What is expected: Begin at the top of the records below and print each line exactly until the line containing "Hope you all" has been printed; any pictures are to be left out.

Records shown:
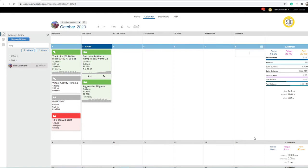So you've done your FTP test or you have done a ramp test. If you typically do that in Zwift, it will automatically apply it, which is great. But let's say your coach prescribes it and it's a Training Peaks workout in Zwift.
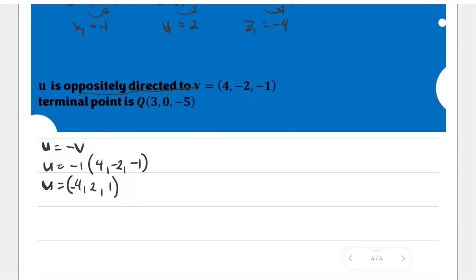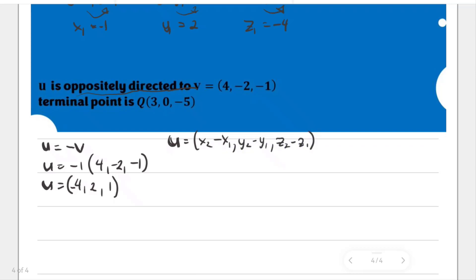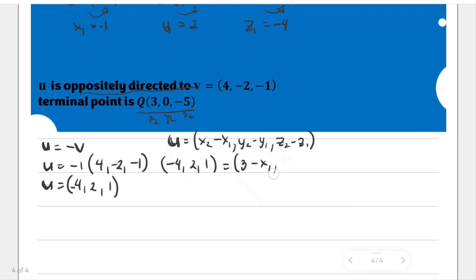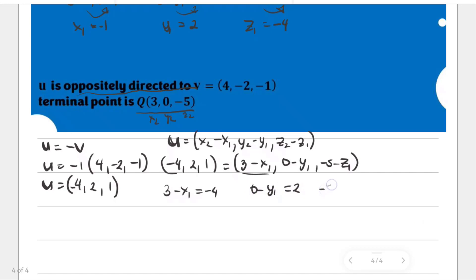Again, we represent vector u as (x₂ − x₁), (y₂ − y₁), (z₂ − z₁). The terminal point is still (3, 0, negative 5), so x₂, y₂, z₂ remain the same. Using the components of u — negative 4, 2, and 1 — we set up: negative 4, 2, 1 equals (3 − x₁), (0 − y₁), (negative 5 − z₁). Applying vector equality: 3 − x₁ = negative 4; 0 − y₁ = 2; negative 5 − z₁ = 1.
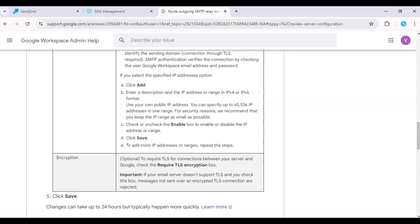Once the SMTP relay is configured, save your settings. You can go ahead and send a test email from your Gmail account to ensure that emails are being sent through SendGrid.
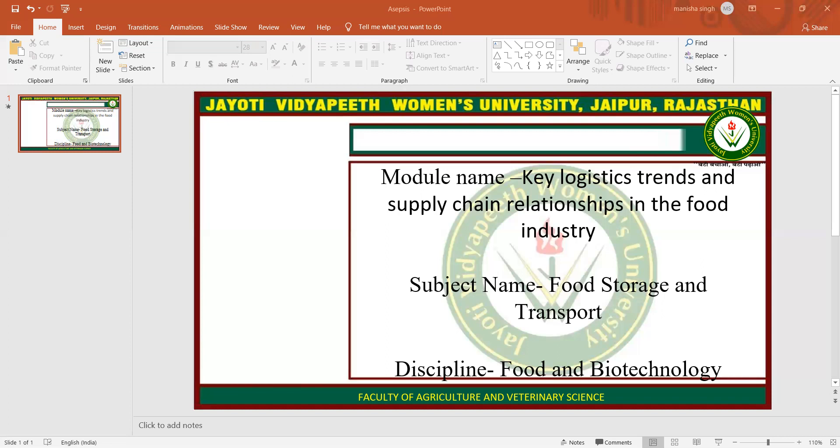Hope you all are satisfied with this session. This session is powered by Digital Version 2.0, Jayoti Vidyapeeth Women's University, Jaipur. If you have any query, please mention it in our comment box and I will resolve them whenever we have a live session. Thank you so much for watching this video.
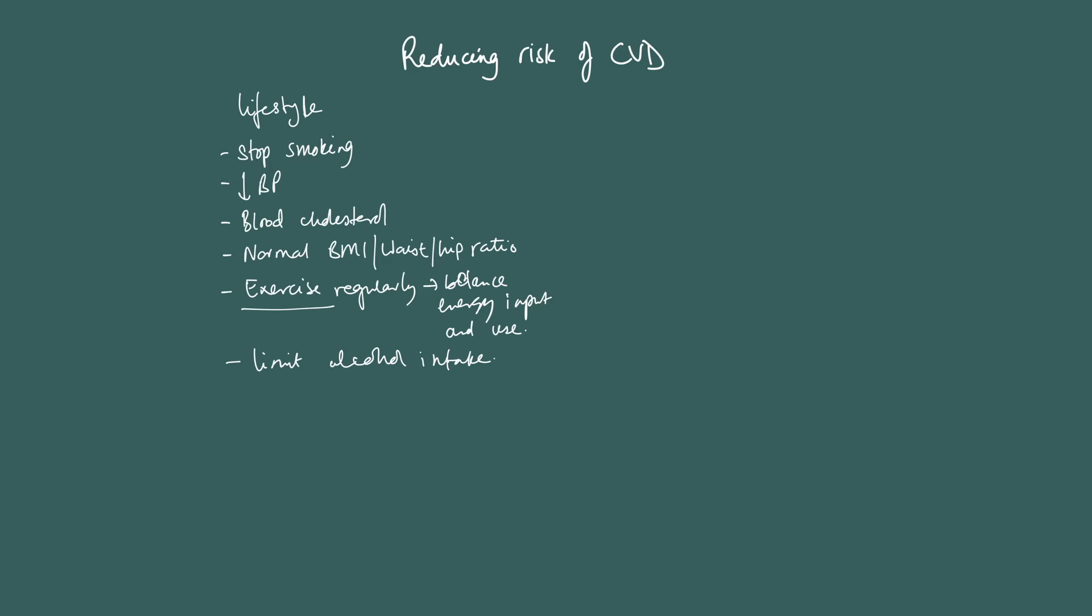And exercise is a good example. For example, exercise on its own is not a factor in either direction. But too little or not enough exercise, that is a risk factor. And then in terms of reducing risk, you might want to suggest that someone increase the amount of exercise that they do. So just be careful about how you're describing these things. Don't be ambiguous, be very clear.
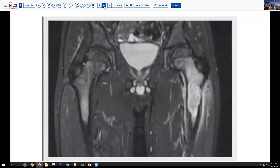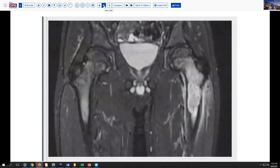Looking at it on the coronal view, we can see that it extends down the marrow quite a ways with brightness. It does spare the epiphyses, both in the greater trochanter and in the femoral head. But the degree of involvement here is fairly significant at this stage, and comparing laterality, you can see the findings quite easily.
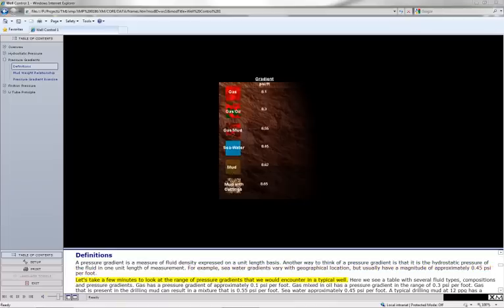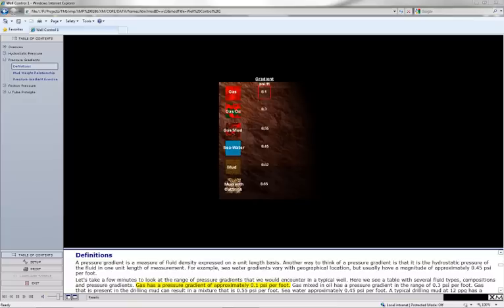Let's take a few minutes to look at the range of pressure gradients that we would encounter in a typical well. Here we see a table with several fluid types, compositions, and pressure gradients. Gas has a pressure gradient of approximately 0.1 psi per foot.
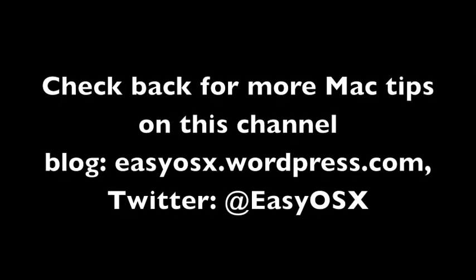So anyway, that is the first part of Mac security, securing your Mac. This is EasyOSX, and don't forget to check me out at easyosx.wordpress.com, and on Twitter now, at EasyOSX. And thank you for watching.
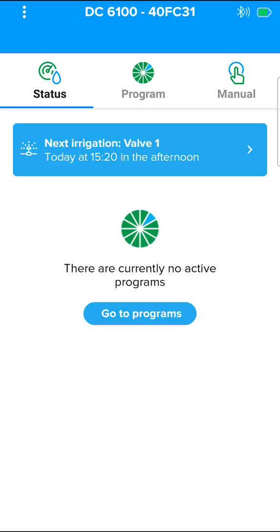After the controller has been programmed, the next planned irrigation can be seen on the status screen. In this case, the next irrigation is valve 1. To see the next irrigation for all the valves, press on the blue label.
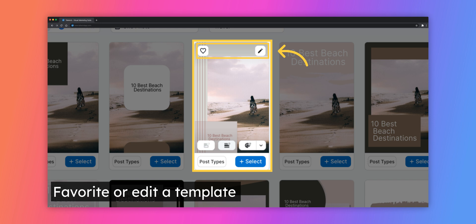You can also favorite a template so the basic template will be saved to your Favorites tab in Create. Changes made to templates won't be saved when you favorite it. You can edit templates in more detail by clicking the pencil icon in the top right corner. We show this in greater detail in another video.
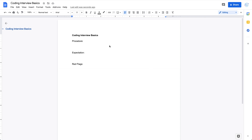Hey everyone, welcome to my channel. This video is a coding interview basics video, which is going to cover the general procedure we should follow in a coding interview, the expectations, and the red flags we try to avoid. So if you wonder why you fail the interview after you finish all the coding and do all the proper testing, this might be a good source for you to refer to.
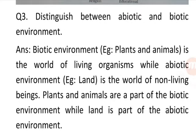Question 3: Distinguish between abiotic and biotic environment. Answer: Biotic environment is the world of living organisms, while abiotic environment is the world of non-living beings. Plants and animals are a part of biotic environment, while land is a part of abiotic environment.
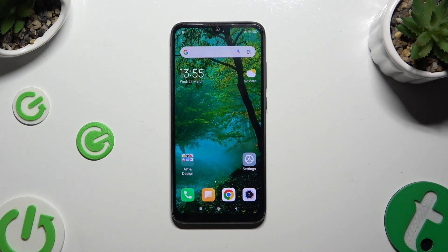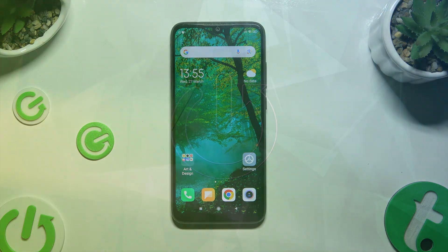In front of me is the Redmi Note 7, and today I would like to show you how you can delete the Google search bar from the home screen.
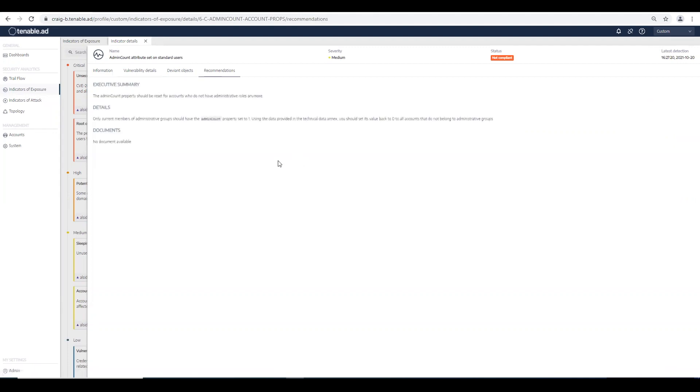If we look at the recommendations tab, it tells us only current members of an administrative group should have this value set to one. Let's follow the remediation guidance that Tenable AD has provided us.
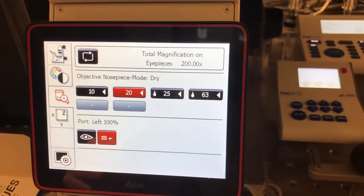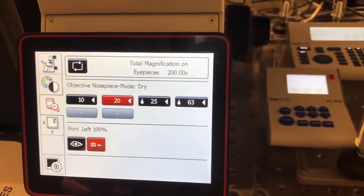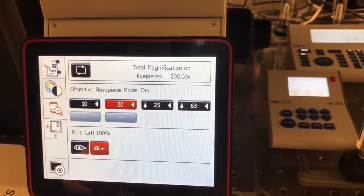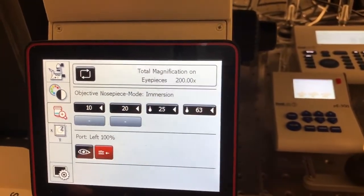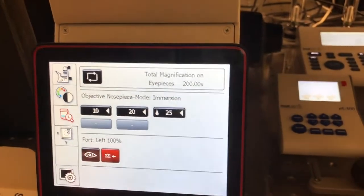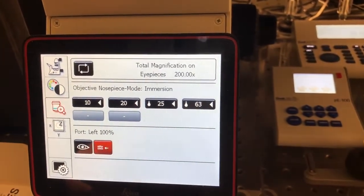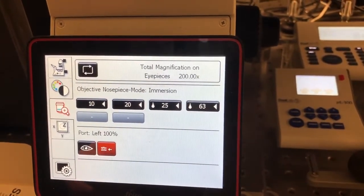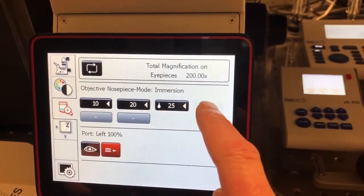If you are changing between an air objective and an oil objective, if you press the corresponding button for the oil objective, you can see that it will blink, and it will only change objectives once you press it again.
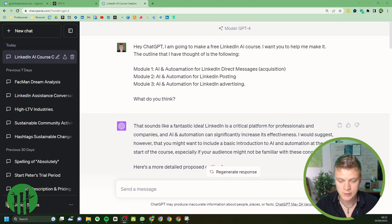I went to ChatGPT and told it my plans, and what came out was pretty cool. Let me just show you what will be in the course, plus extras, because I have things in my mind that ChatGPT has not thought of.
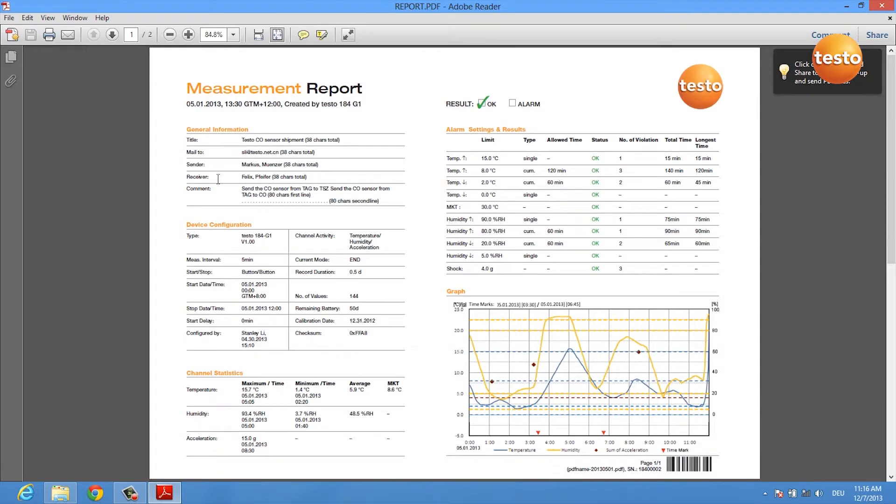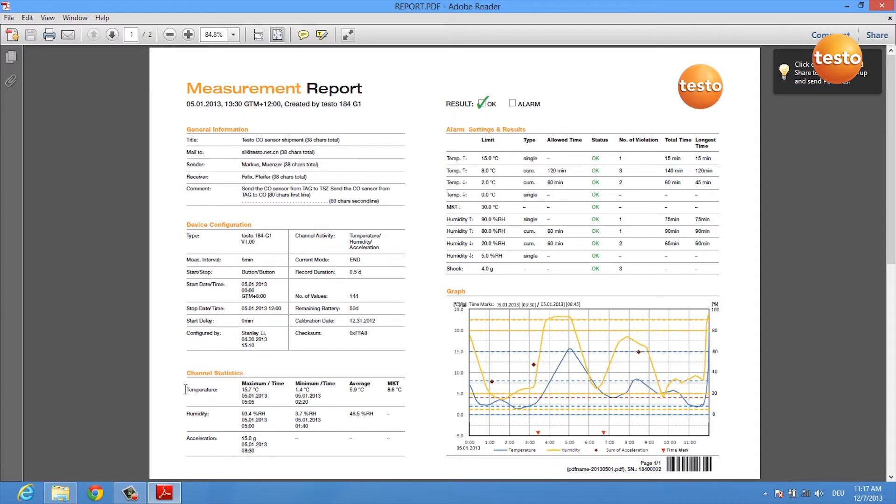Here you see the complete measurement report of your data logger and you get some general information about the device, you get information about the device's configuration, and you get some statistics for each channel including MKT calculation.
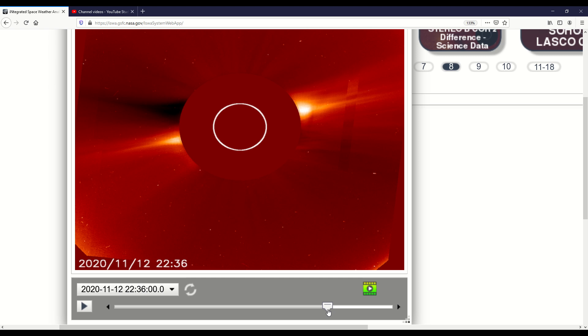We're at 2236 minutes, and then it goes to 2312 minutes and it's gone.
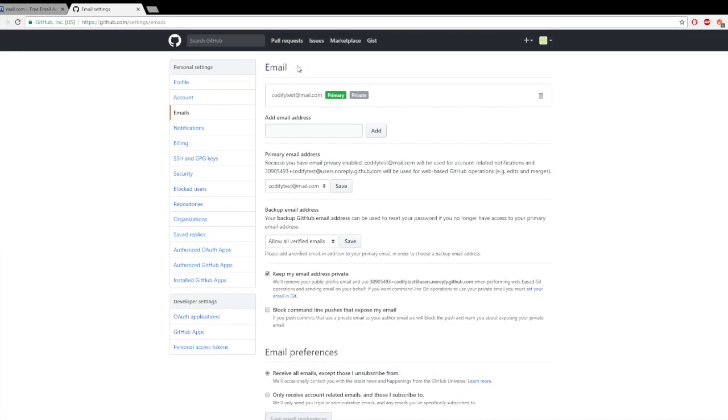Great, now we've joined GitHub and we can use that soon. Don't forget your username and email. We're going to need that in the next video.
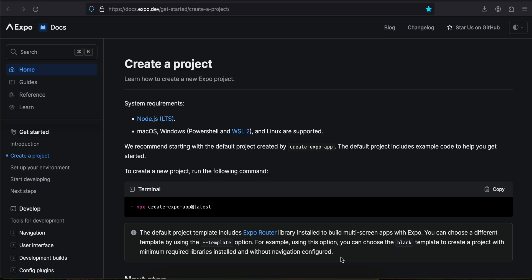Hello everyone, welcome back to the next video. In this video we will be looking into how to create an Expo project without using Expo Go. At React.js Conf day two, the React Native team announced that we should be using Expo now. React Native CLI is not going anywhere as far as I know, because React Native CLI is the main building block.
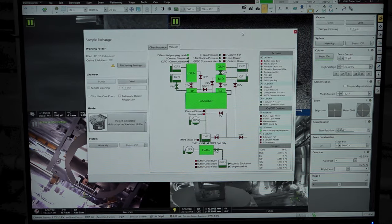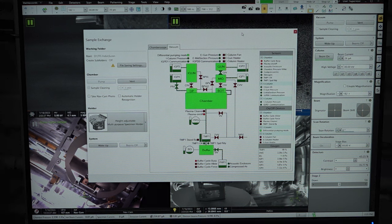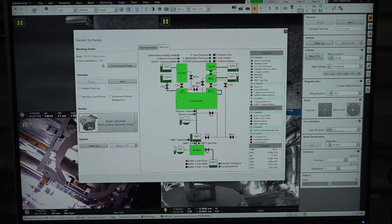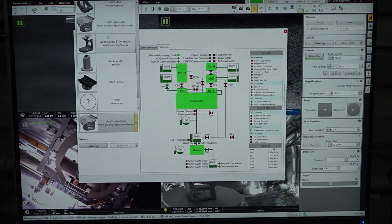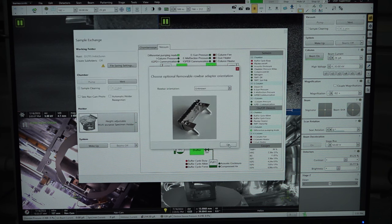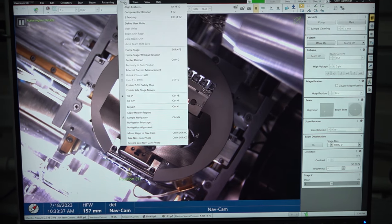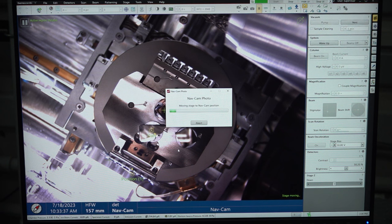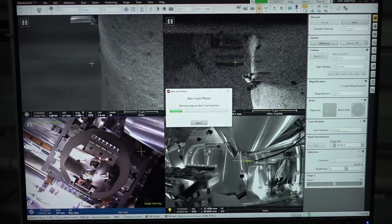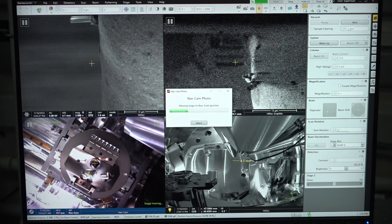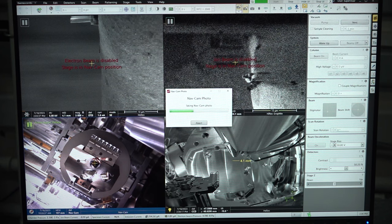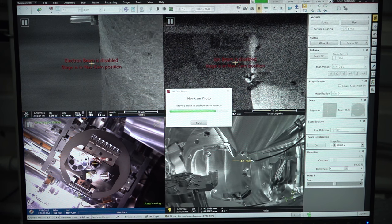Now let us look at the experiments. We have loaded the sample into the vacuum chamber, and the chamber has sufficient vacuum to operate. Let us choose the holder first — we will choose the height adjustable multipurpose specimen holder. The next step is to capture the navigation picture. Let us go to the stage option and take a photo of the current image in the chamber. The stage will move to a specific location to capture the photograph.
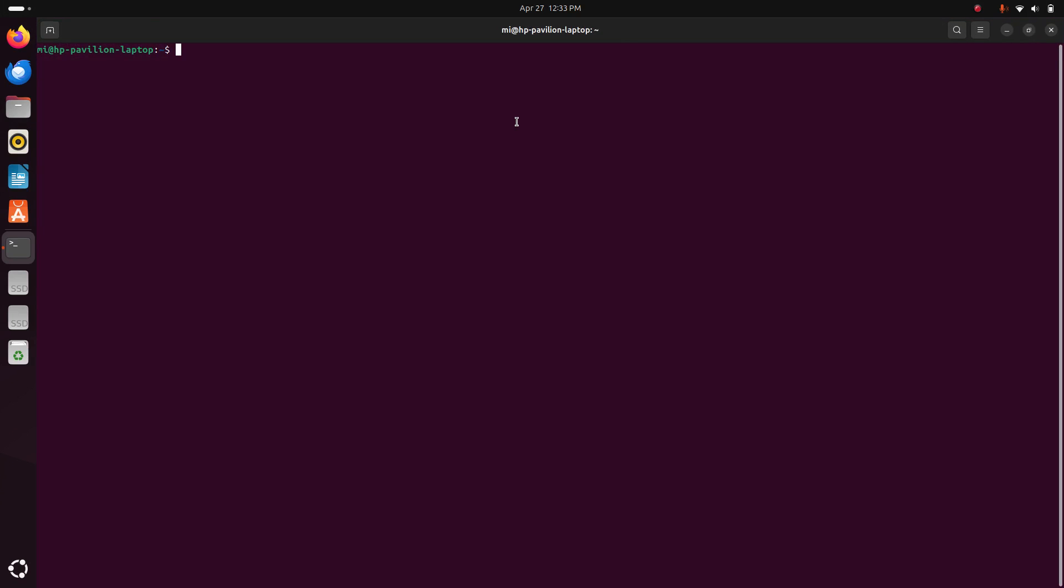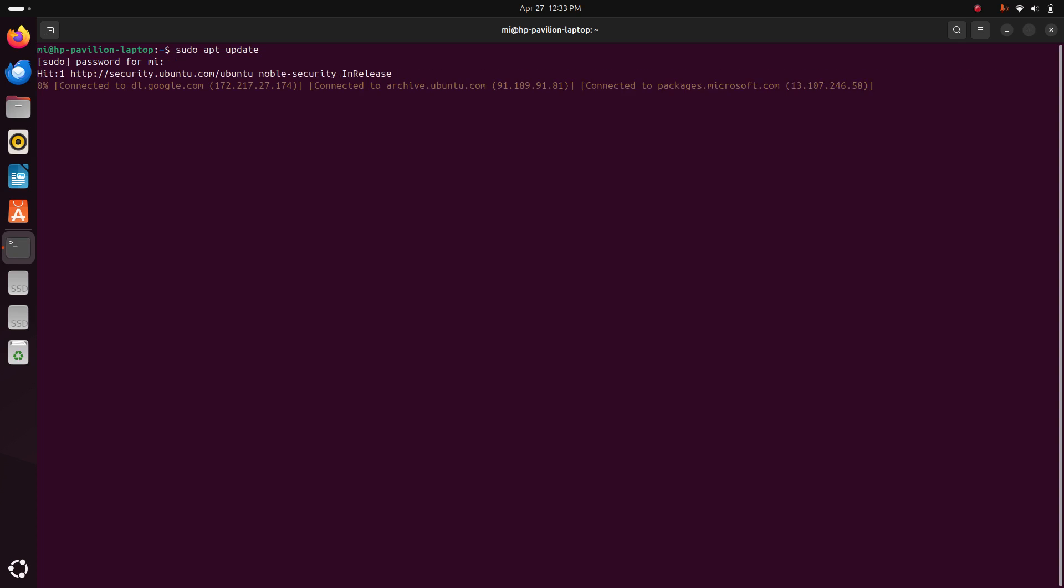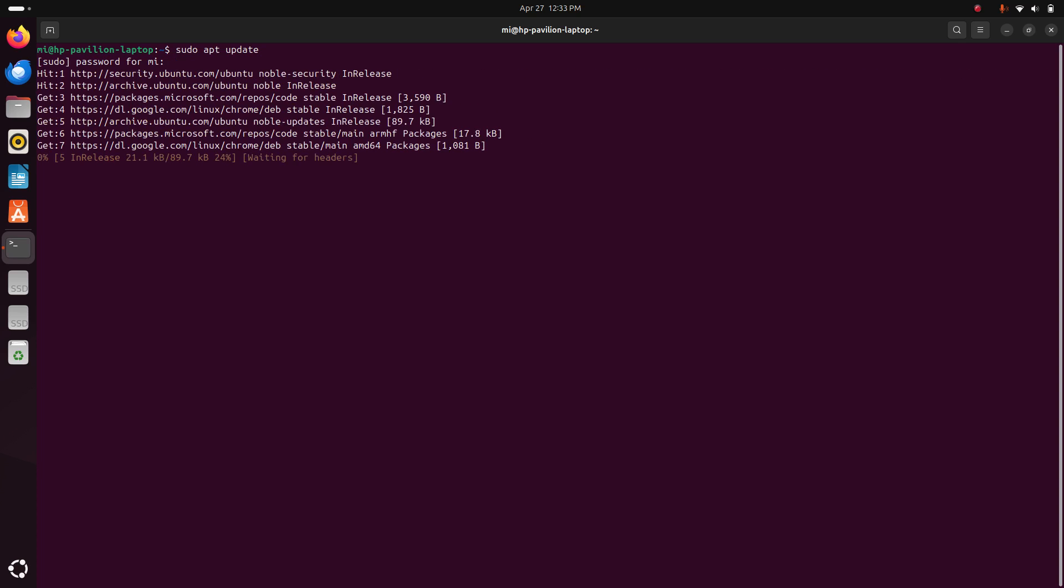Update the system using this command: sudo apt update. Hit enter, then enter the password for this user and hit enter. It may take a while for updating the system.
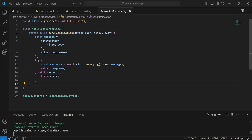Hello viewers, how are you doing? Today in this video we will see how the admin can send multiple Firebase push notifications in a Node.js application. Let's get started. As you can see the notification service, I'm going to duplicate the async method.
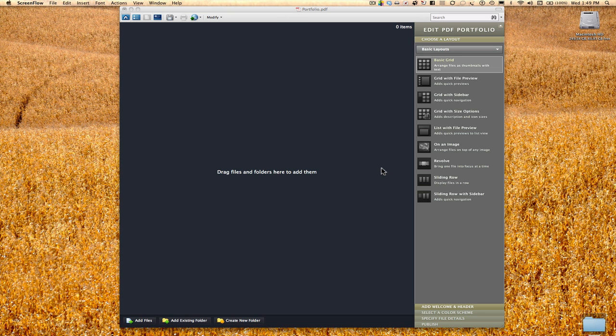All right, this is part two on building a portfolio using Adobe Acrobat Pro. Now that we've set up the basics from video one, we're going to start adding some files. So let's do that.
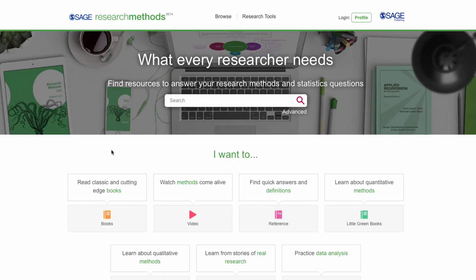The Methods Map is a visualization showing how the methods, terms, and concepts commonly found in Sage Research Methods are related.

Reply to the exercise:
So you've done your FTP test or you have done a ramp test. If you typically do that in Zwift, it will automatically apply it, which is great. But let's say your coach prescribes it and it's a Training Peaks workout in Zwift.
Again, we represent vector u as (x₂ − x₁), (y₂ − y₁), (z₂ − z₁). The terminal point is still (3, 0, negative 5), so x₂, y₂, z₂ remain the same. Using the components of u — negative 4, 2, and 1 — we set up: negative 4, 2, 1 equals (3 − x₁), (0 − y₁), (negative 5 − z₁). Applying vector equality: 3 − x₁ = negative 4; 0 − y₁ = 2; negative 5 − z₁ = 1.
Once the SMTP relay is configured, save your settings. You can go ahead and send a test email from your Gmail account to ensure that emails are being sent through SendGrid.
Hope you all are satisfied with this session. This session is powered by Digital Version 2.0, Jayoti Vidyapeeth Women's University, Jaipur. If you have any query, please mention it in our comment box and I will resolve them whenever we have a live session. Thank you so much for watching this video.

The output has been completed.